Hukuk Muhakemeleri Kanunu’nun 6.maddesi hükmü uyarınca kural olarak yasada aksine hüküm bulunmadıkça davanın açıldığı tarihte davalının ikametgahı sayılan yer mahkemesi yetkili ise de, davacının istemi sözleşmeden kaynaklanan para alacağı olduğuna göre Türk Borçlar Kanunu 89. (eski B.K’nın 73.) maddesi gereğince para borcu alacaklıya götürülerek ödenmesi gereken borçlardan olduğundan, davacının yerleşim yeri mahkemesi de yetkilidir. Davacının yerleşim yeri Konya olduğuna göre alacağın ifa edileceği yer itibariyle yetkili mahkeme Konya Mahkemeleridir. ilk derece mahkemesince işin esası incelenmeksizin yanlış değerlendirme ile yazılı şekilde yetkisizlik karar verilmesinde hukuka uygunluk görülmediğinden davacının istinaf başvuru talebinin kabulü ile HMK 353/1-a-3 madde gereğince ilk derece mahkemesi kararının kaldırılmasına, uyuşmazlık ile ilgili esasa ilişkin delillerin toplanması ve değerlendirilmesi sonucunda karar verilmek üzere dosyanın ilk derece mahkemesine gönderilmesine ilişkin aşağıdaki şekilde hüküm kurulmuştur.
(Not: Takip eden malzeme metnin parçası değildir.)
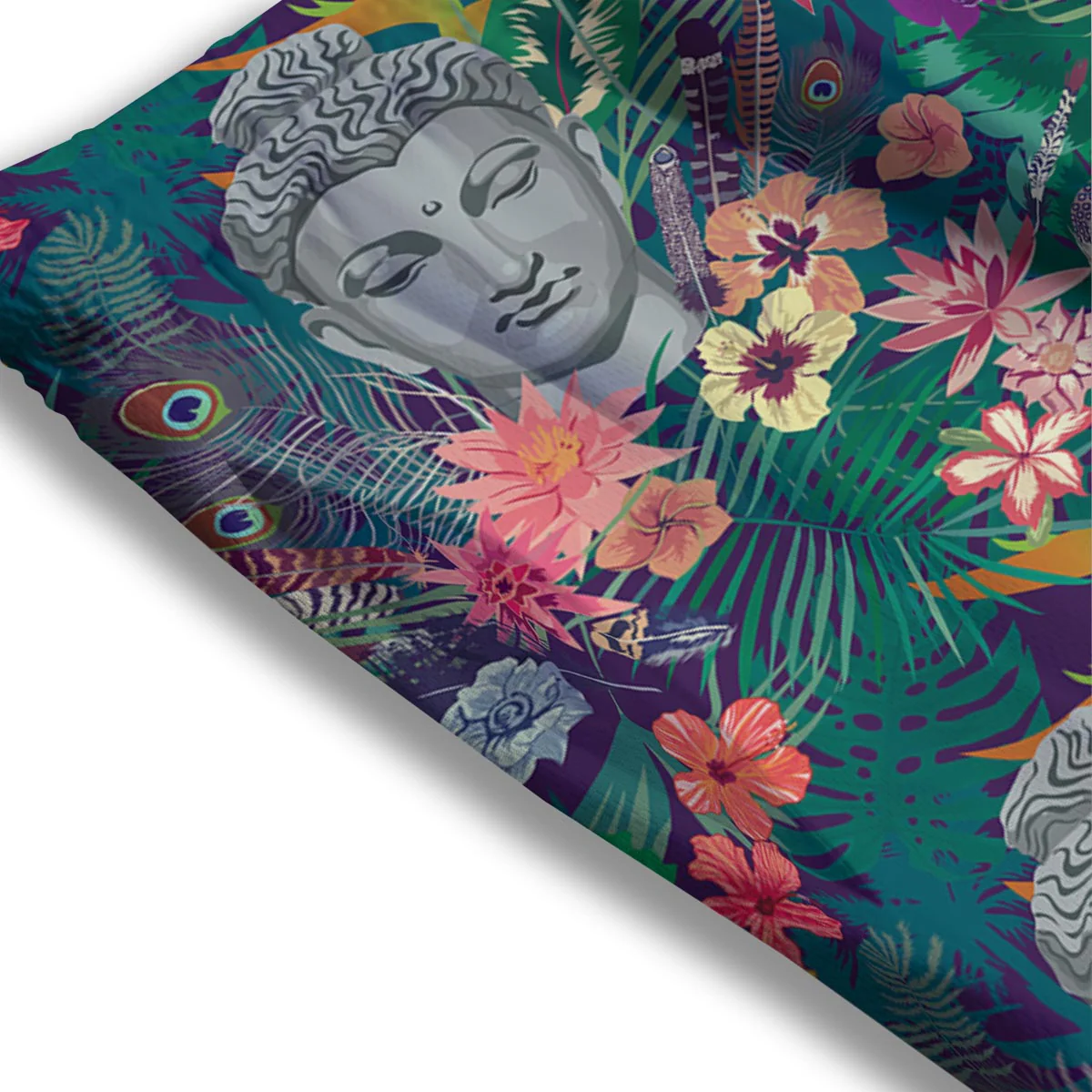 Buddha Tropical Print Pattern Mesh Shorts - Image 3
HÜKÜM: Gerekçesi yukarıda açıklandığı üzere;
1- Davacının istinaf talebinin KABULÜ ile; Konya … Asliye Ticaret Mahkemesi’nin 21/06/2022 tarih, … esas … karar sayılı KARARININ KALDIRILMASINA,
2- Hukuk Muhakemeleri Kanunu’nun 353/1-a maddesi gereğince dosyanın ilk derece mahkemesine GÖNDERİLMESİNE,
3- İstinaf başvurusunda bulunan davacı tarafından yatırılan 80,70 TL istinaf karar harcının talep halinde davacıya iadesine,
4- İstinaf incelemesi sırasında duruşma açılmadığından ücret-i vekalet ile ilgili hüküm kurulmasına yer olmadığına,
5- İstinaf başvurusunda bulunan davacı tarafından yapılan istinaf yargılama giderlerinin ilk derece mahkemesince yeniden verilecek kararda dikkate alınmasına,
6- Hukuk Muhakemeleri Kanunu’nun 359/4 maddesi gereğince; kararın tebliğ işlemlerinin ilk derece mahkemesi tarafından yapılmasına,
Dair, dosya üzerinde yapılan inceleme sonucunda 14/10/2022 tarihinde oybirliği ile HMK’nın 353/1-a maddesi gereğince kesin olarak karar verildi.